Member Advisory

HWEN: The Good, the Bad, and the Ugly

8 June 2022

Good morning
This morning I attended the release of the He Waka Eke Noa industry partnership final recommendations report. Feds is one of the 13 industry groups involved in HWEN. 
The report released this morning is called “Recommendations for Pricing Agricultural Emissions Report to Ministers”. The Ministers are Climate Change Minister James Shaw and Minister of Agriculture Damien O’Connor. They received the report last week. 
Three weeks ago the Federated Farmers National Council reviewed our involvement in HWEN and agreed to continue with the process and be signatories to the final report, provided some outstanding concerns with the report were addressed. These concerns have been addressed and Feds was supportive of the release of this document today. 
BUT. This doesn’t mean we don’t have deep concerns about some aspects of the proposal, and that’s why I’m sending you this lengthy message. 
I need our members to understand why we have supported this process to date, and why we continue to do so. In short, we think the outcome is better for farmers if we stay involved. 

The Report 

So this is our take on where we got to with today’s report. 
If you want to read it for yourself here is a link to the full document.
Pages 10 to 14 are the main summary of recommendations, up to page 10 is all the waffle you expect in documents these days, 15 to 16 is the chapter on Iwi rights, and the rest is just more detail on the recommendations. 

The History 

In 2019 our National Council agreed to take part in this HWEN partnership process based on a key statement in the original (July 2019) founding document that we would: 
"Work with Government to design a pricing mechanism where any price is part of a broader framework to support on-farm practice change, set at the margin and only to the extent necessary to incentivise the uptake of economically viable opportunities that contribute to lower global emissions." 
This has been our guiding principle in this process to date.  We felt that this original proposal provided a much better alternative to farmers than the existing plan by the government to levy agriculture via the Emissions Trading Scheme at the processor level with no consideration for the split gas approach taken in the Zero Carbon Act (The "ETS backstop”). 
The ETS ‘backstop’ still remains the politically imposed alternative to He Waka Eke Noa.   
Last month our National Council met again to consider a final draft of the report. The council’s view was this pricing mechanism could plausibly deliver the outcome we signed up for in 2019. 
We believe this is a better option than the existing ETS. 
BUT if Ministers or the “System Oversight Body” (the agency set up to run all this) place too much weight on meeting domestic emission reduction targets (we strongly oppose the current ones for methane), then it could fail to deliver on what we signed up for in 2019. 
Forcing farmers to take uneconomic measures will result in cuts to food and fibre production and significant economic losses in New Zealand. This will in turn result in higher global emissions – this is called “emissions leakage”. Reductions in our production means increased production in countries, where their emissions are higher per unit of production. 
It will be the government of the day’s decision on what they wish to do. The proposed pricing mechanism in the report released today in no way makes that decision for them. The mechanism is merely a toolkit, a toolkit that could be used to drive increased emissions efficiency, or a toolkit that could be used to poor effect. 

What Has Feds Achieved? 

The document itself is different in a couple of respects from what you would have seen previously. There are a few very hard-fought wins delivered by Feds, plus some dead rats we had to swallow. 
So here is my ‘good, bad and ugly’ from this report. 
The Good 
  • The pricing system proposed would operate at the ‘Farm Level’ from the start, which is what farmers, and Feds, asked for. There has been a lot of lobbying from the government for the scheme to be at a ‘Processor Level’, which essentially means collecting the funding without any recognition of individual farm circumstances. Feds encouraged other organisations to fight to keep the ‘Farm Level’ approach. We say if the government wants to make changes, then they can make them, and they can own them.

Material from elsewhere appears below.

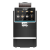 pol_pl_Ekspres-automatyczny-BREAK-S-W2L-BLACK-3666_1.png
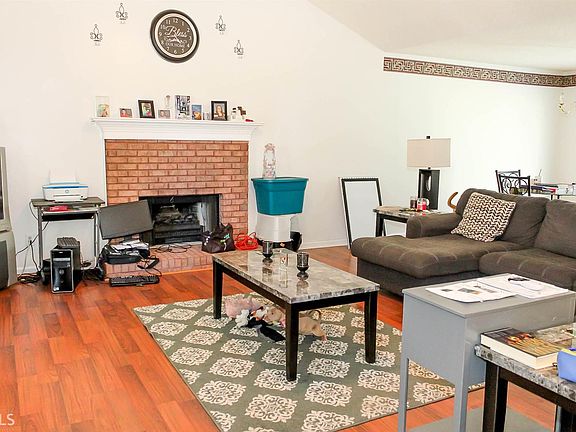 5th image of 2567 Briar Valley Way #37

  • One of the big arguments against the Farm Level system was its projected cost. We worked hard to get better analysis of the potential costs to set up this system and run it, and they have been scaled down. We think there is still plenty of room for improvement here, especially with developments in data interoperability.

  • The Farm Level system means we could get the addition of “incentives” to the pricing system. A big improvement. This means farms utilising good practices, or mitigations that are recognised as having emissions reductions, will receive a rebate on the levy. Yes, the mitigations toolbox is fairly empty at the moment, but the fact we managed to get this included without reference to historic baselines is a big improvement. At a concept level this is an important win, even if the details aren’t quite there yet, we can build on this step in the right direction. Currently, the incentives system is too input focussed and too prescriptive, but Feds will keep trying to get this changed. Feds and one other partner promoted an 'output-based rebate' which would have been an outcome focused incentive, but other partners opposed taking this option to farmers. We will keep pushing for an output-based rebate as it incentivises what consumers care about,(emissions efficiency). Other partners to take this policy to farmer consultation will be covered in the 'Bad' section and remains a frustration of mine.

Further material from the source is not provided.